People in their teens and 20s today have never known a world without social media. A generation ago, there were op-eds in newspapers. There were books, conferences and television talk shows. In the pre-social media days, some people, like clergy, politicians and professors, had regular access to audiences. These formats all had one thing in common. Presenting one’s argument took preparation.
 
Then along came social media – talkbacks, Facebook, Twitter and others – and now anyone with an internet connection can respond instantaneously.
 
Who among Facebook users doesn’t have a story about someone who unfriended them, or someone they had to block, because of strong differences of opinion, generally stridently expressed? Which social media user has not been enraged by the opinions of another?

We have never had so much information about what our friends, family, neighbors, colleagues and strangers think. That’s not necessarily a good thing.
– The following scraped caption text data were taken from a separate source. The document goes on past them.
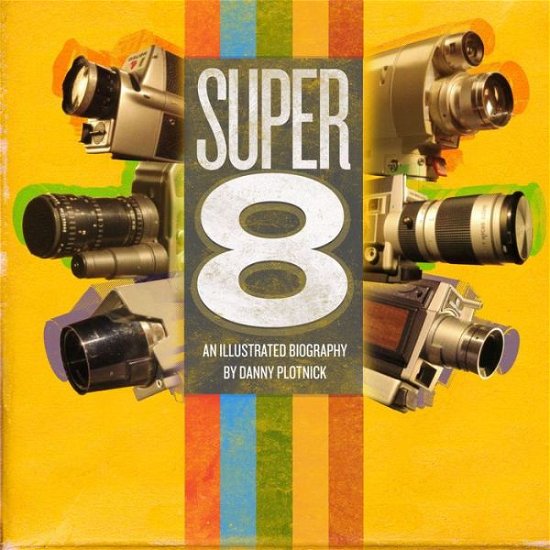 Cover for Danny Plotnick · Super 8: An Illustrated History (Hardcover Book) (2020)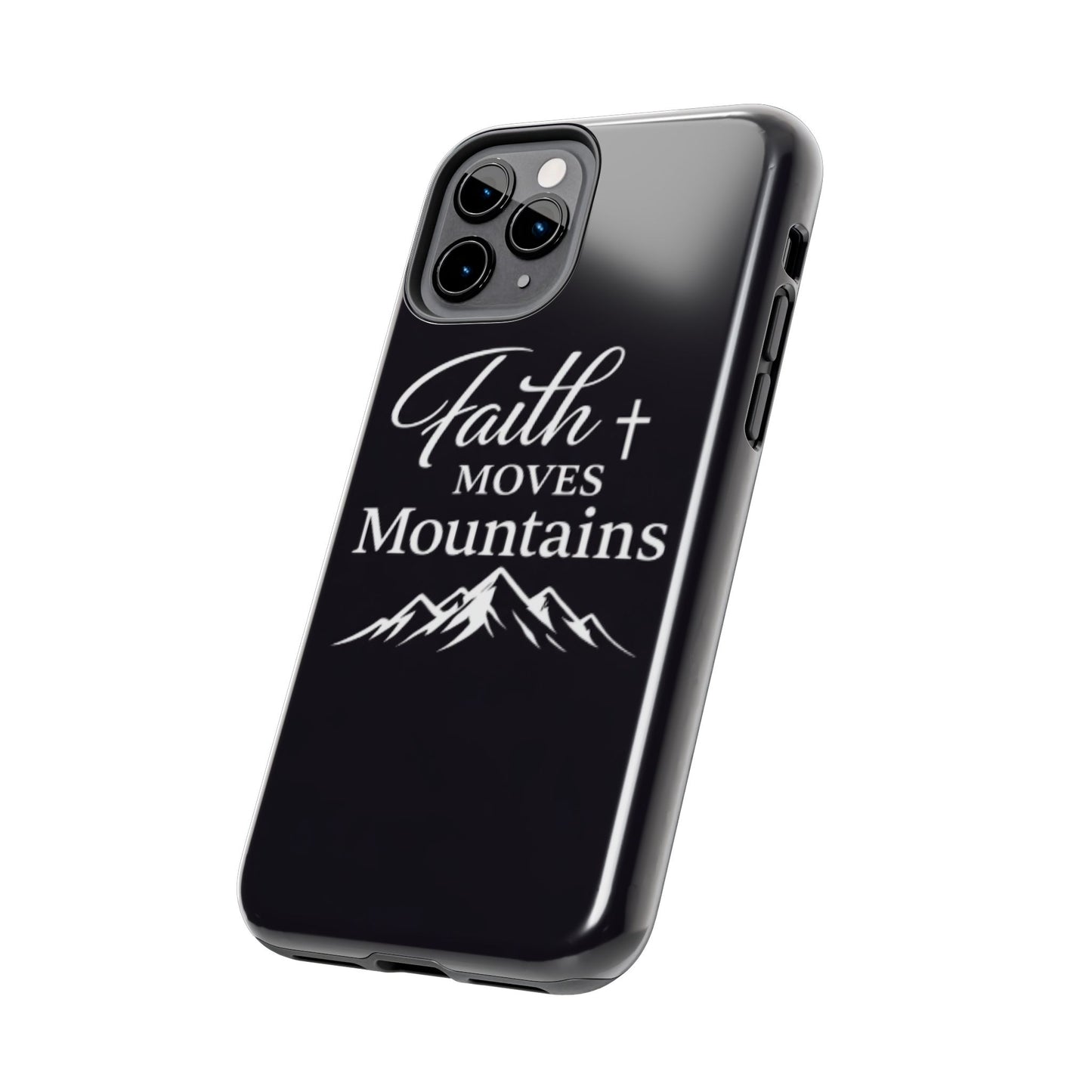 Faith Moves Mountains Tough Phone Case — Christian Inspirational Mountain Design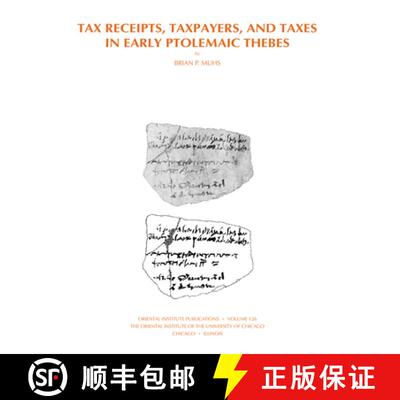【3-4周达】精装 Tax Receipts, Taxpayers, and Taxes in Early Ptolemaic Thebes [9781885923301]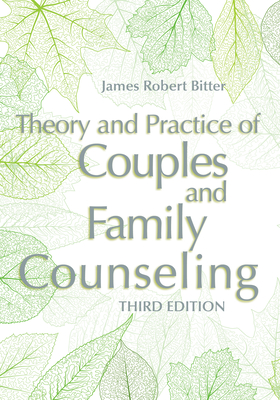 Theory and Practice of Couples and Family Counseling - Bitter, James Robert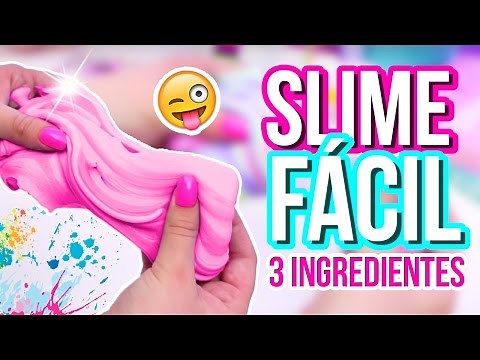 Como hacer SLIME SIN BÓRAX y SIN ALMIDÓN | SLIME CASERO con 3 ingredientes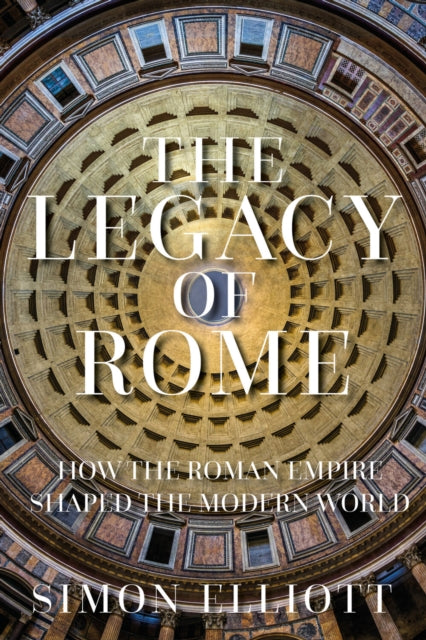 Book cover of: Legacy of Rome. By: Simon Elliott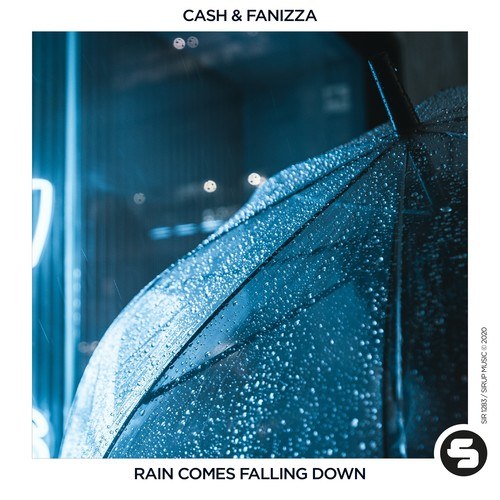 Cash & Fanizza-Rain Comes Falling Down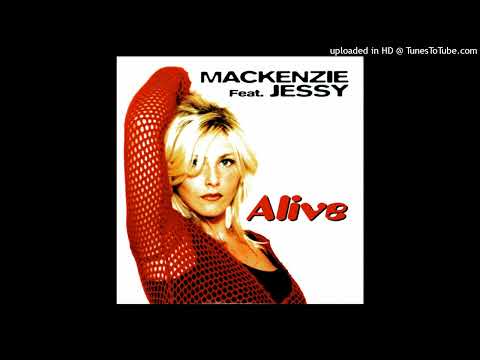 The Mackenzie Feat Jessy - Alive (Radio Edit)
After dealing with yet another person’s [NOTE: subjective opinion ahead] arrogant and dismissive comment related to an issue about which I care a great deal, I recently created and shared a meme that says, “I post what interests or inspires me. My Facebook posts are not an open invitation to debate.”
 
 
I post what interests or inspires me. My Facebook posts are not an open invitation to debate.

Incredibly, over 100 people reacted to the meme. Twelve people shared it. And in the couple of dozen comments, ironically, people actually debated my statement.
 
Their argument, in a nutshell, was that the very nature of social media invites people to express… well, pretty much whatever the heck they want to express.
 
In other words, their argument is that there is an inherent social contract in social media. And the terms of that contract are simple - “Anyone is invited to say anything they want, to whomever they want, in the social media space.”

I recently deleted a popular post because the reactions to it were so caustic, so venomous, that it made me cringe. I don't think and write about issues I care about to give other people a platform for cruelty. Disagreement is one thing. Malice is another.
 
I was curious what Jewish tradition had to say on the topic. I found a few relevant teachings from Pirkei Avot, a rabbinic text that literally means Chapters of the Fathers, but is more commonly translated as Ethics of the Fathers. Pirkei Avot is arguably the most well-known book from the rabbinic tradition. Its six chapters are primarily made up of aphorisms attributed to rabbis who lived approximately 2000 years ago.
 
In Pirkei Avot 2:16, Rabbi Eliezer said, “Let the honor of your fellow be as precious to you as your own.”
 
Thinking about this teaching helps me imagine a social media world where people are respectful and where disagreements don’t automatically descend into name-calling. The incivility happens so often, there’s even a meme in response.
 
Well, That Escalated Quickly
 
 
 
 
 
 
 
 
 
 
 
 
 
 
 
 
 
 
 
 
Rabbi Eliezer also said, “Do not be easily provoked to anger.” This is another useful teaching to apply to social media. When people post things you don’t agree with, you don’t always have to retaliate with a caustic barb of your own. In fact, it’s a lot healthier to guard yourself against being provoked to anger in the first place.

Another relevant teaching from Pirkei Avot 3:17 is, “Rabbi Akiva said… The fence protecting wisdom is silence.” One of the tools I’m working on is to teach myself to say, “That person is misguided.” And then MOVE ON.
 
Without commenting.

Social media, and the internet as a whole, has been compared spiritually to the Eitz Hadas Tov VeRa - the Tree of the Knowledge of Good and Evil in the Garden of Eden. It contains both good and evil.

There’s a lot of good in social media. And I won’t stop posting things that interest or inspire me. At the same time, I think that we have opened the barn doors far too widely. I’d like to see a social media environment where all the good and useful information isn’t automatically coupled with divisiveness.

And I absolutely think that social media would be vastly improved if users would pay a bit more attention to the teachings of Pirekei Avot and stop using the ability to comment as their own personal bully pulpit.